§ **Assigned task**: Return all of the data exactly, omitting any images.

§ **Supplied information**:
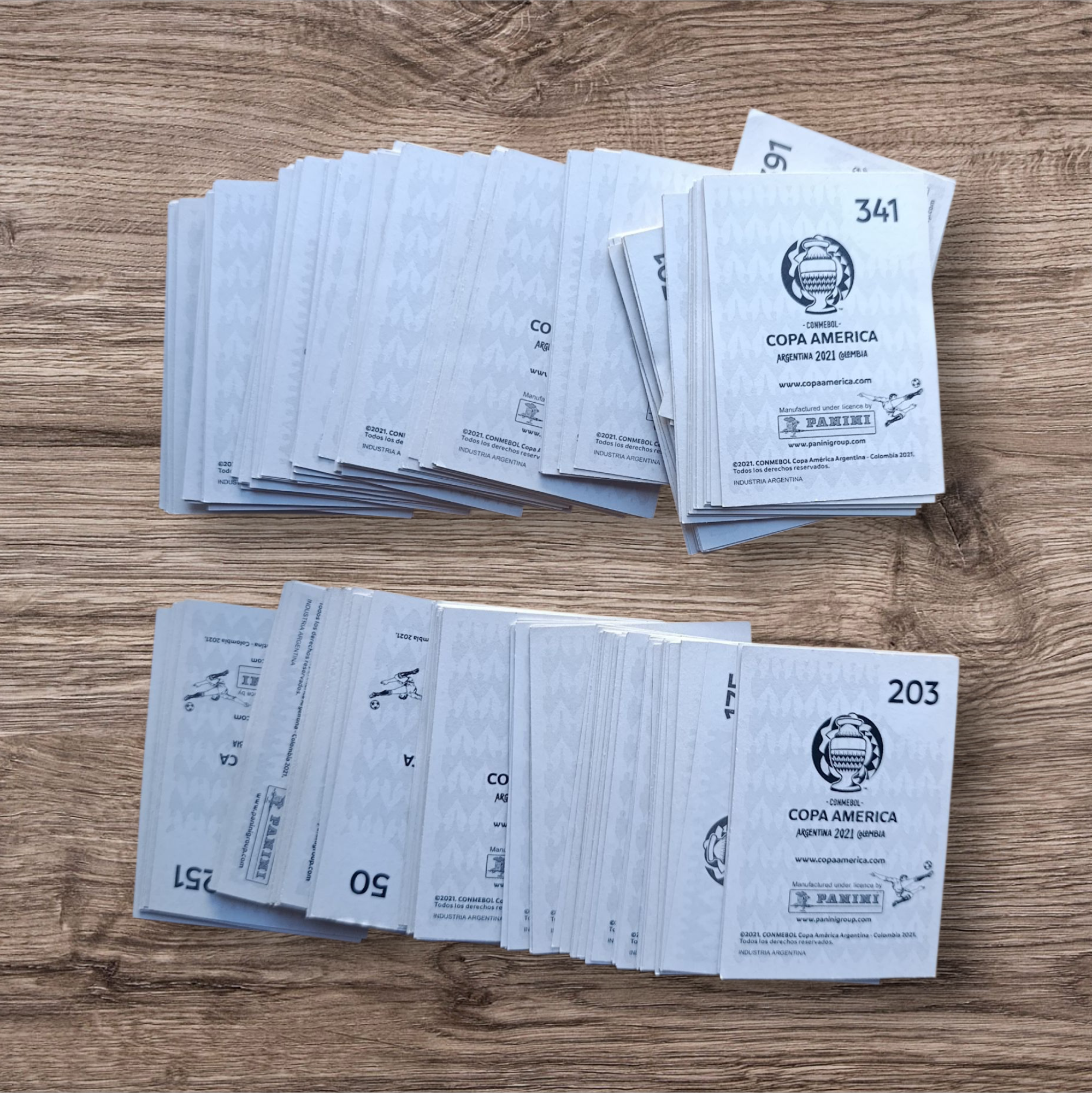 Lote 242 figuritas Copa América 2021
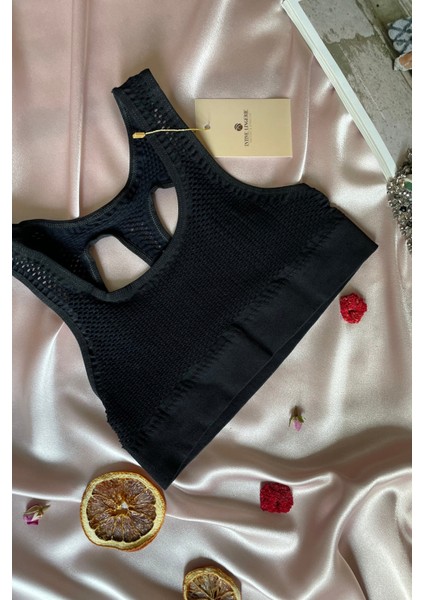 Harlow Kadın Seamless Dikişsiz Siyah Arkası Detaylı Sporcu Sütyeni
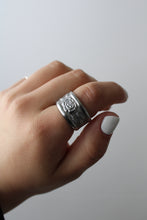 Load image into Gallery viewer, Size 8 Spoon Ring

§ **Written response**:
 Lote 242 figuritas Copa América 2021
 Harlow Kadın Seamless Dikişsiz Siyah Arkası Detaylı Sporcu Sütyeni
 Load image into Gallery viewer, Size 8 Spoon Ring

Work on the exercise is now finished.